Fair enough, but it is clear Bettman wasn't happy with the direction of the supplementary discipline and moved decisively to correct the problems.
The challenge for Shanahan will be to bring order to the Byzantine world of NHL discipline.
It will be up to Shanahan to communicate to GMs and players exactly what is going to be tolerated and what is not, especially as it relates to blows to the head and reckless plays that endanger other players.
One thing Bettman made clear is he is expecting that there will be harsher supplemental discipline under Shanahan, and that is a welcome message.
"That is my hope and expectation," Bettman said. "That is something that we want to discuss more fully with the players' association. But from my standpoint, Colie's standpoint, Brendan's standpoint, if there's certain conduct that we want to see out of the game, then we've got to make sure we do what's necessary."
Shanahan acknowledged this is the kind of job in which not every day is going to be an easy day, but he promised to try to be transparent in his thought process -- something that is key to re-establishing confidence in the office of discipline.

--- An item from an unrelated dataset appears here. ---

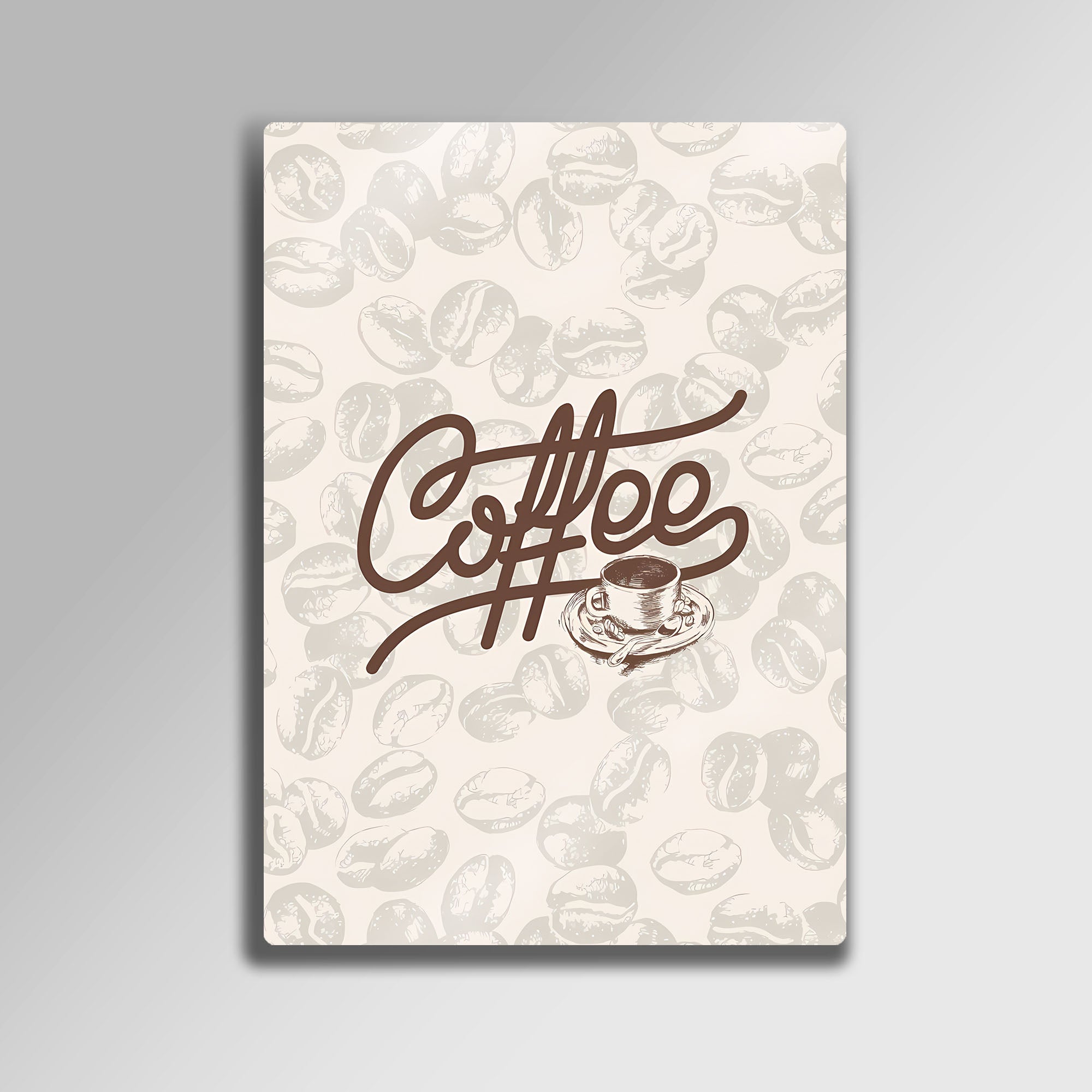 Eskiz Tarzı Kahve Temalı Minimalist Mutfak Dekoru - Metal Tablo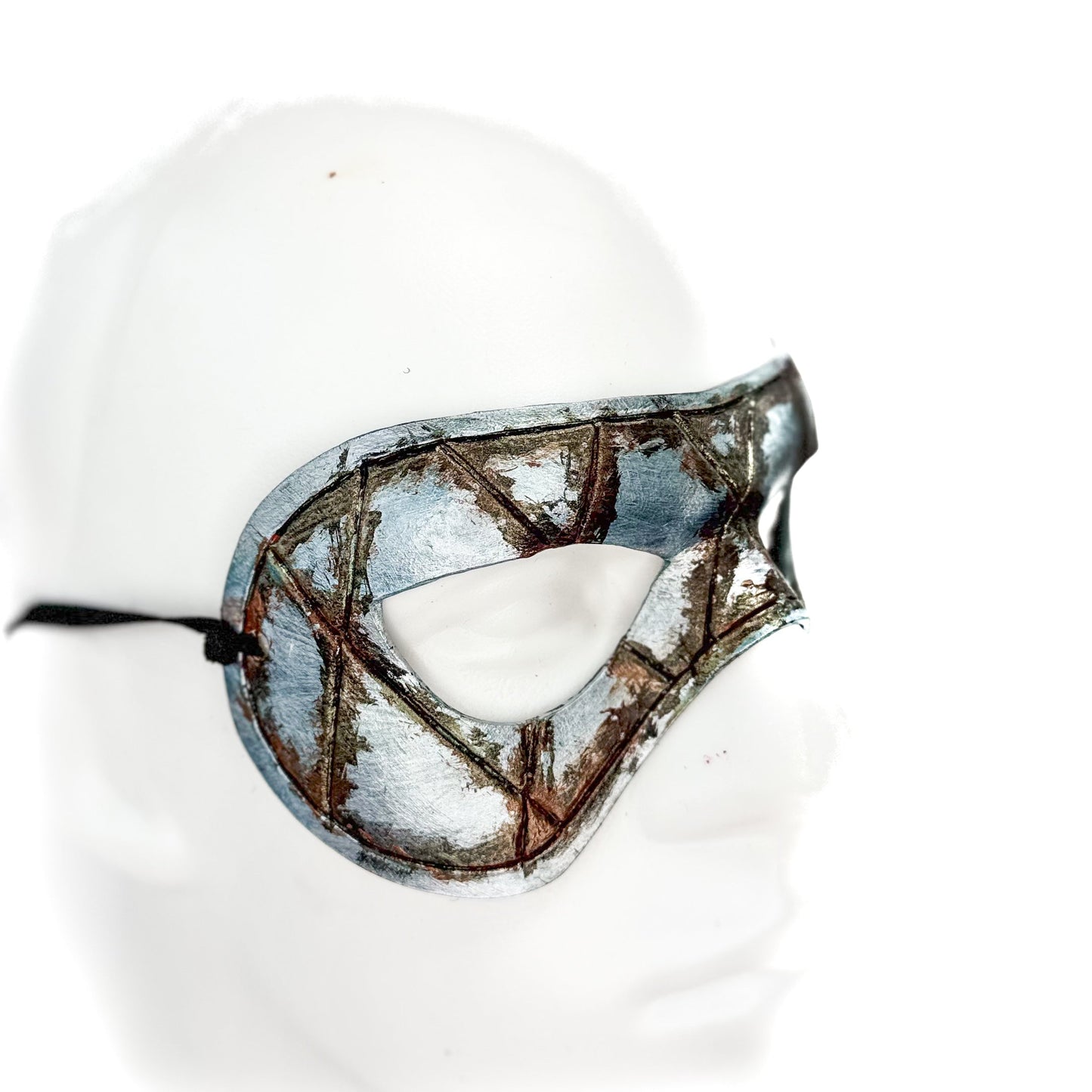 Dual Layer Handmade Genuine Leather Mask in Silver Rust with Swarovski Crystals (Copy)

"I can't promise you how I'm going to view each individual situation," Shanahan said. "I think it's important to state I do love the physical aspect of hockey, and it's a very difficult and fine balance to keep that in the game -- to allow players to play on their toes, but at the same time for them to know what they can and can't do.
"But I can't promise you what was once a three[-game suspension] is now a seven," he said. "I will promise you that when I do make those decisions, I will try to make my thought process, and everything that went into that thought process, very clear and very visible to the entire hockey world."
In the end, handing out discipline might be a thankless job, but on this day, we are thankful someone else is going to be doing it.